The Scheduler is akin to a Dating Service. Requests for the creation of new instances come in and the most applicable Compute nodes are selected from a large pool of potential candidates. In a small deployment we may be happy with the currently available Chance Scheduler which randomly selects a Host from the available pool. Or if you need something a little more fancy you may want to use the Filter Scheduler, which selects Compute hosts from a logical partitioning of available hosts.
The Filter Scheduler supports filtering and weighing to make informed decisions on where a new instance should be created.
So, how does this all work?
Costs & Weights
When deciding where to place an Instance, we compare a Weighted Cost for each Host. The Weighting, currently, is just the sum of each Cost. Costs are nothing more than integers from 0 - max_int. Costs are computed by looking at the various Capabilities of the Host relative to the specs of the Instance being asked for. Trying to put a plain vanilla instance on a high performance host should have a very high cost. But putting a vanilla instance on a vanilla Host should have a low cost.

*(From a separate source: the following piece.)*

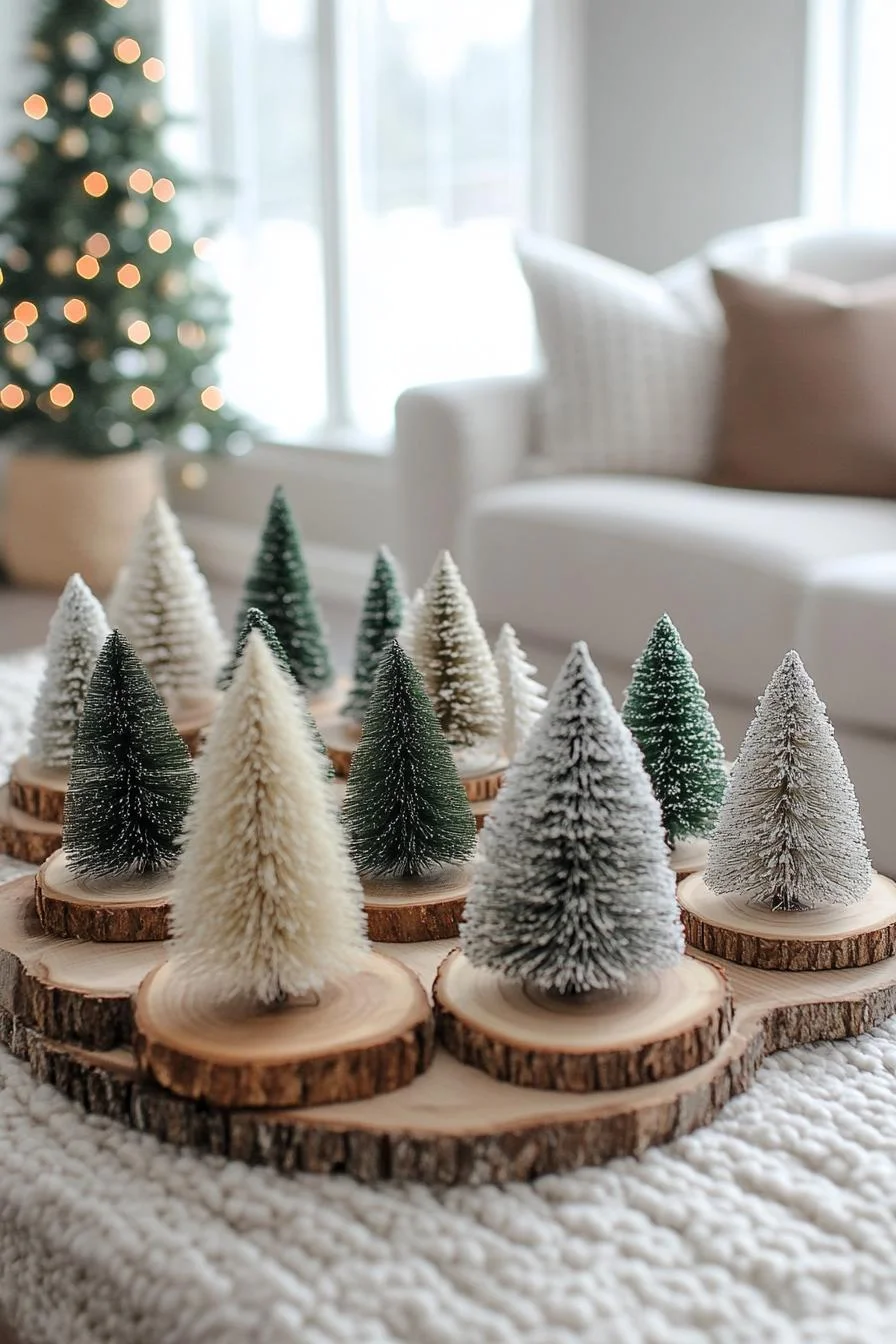 18 Unique Coffee Table Christmas Decor Ideas (EASY) 56 12. Wood Slice Christmas Tree Chargers-2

Some Costs are more esoteric. Consider a rule that says we should prefer Hosts that don't already have an instance on it that is owned by the user requesting it (to mitigate against machine failures). Here we have to look at all the other Instances on the host to compute our cost.
- An example of some other costs might include selecting:
- a GPU-based host over a standard CPU
- a host with fast ethernet over a 10mbps line
- a host that can run Windows instances
- a host in the EU vs North America
This Weight is computed for each Instance requested. If the customer asked for 1000 instances, the consumed resources on each Host are "virtually" depleted so the Cost can change accordingly.
Filtering and Weighing
The filtering (excluding compute nodes incapable of fulfilling the request) and weighing (computing the relative "fitness" of a compute node to fulfill the request) rules used are very subjective operations ... Service Providers will probably have a very different set of filtering and weighing rules than private cloud administrators. The filtering and weighing aspects of the FilterScheduler are flexible and extensible.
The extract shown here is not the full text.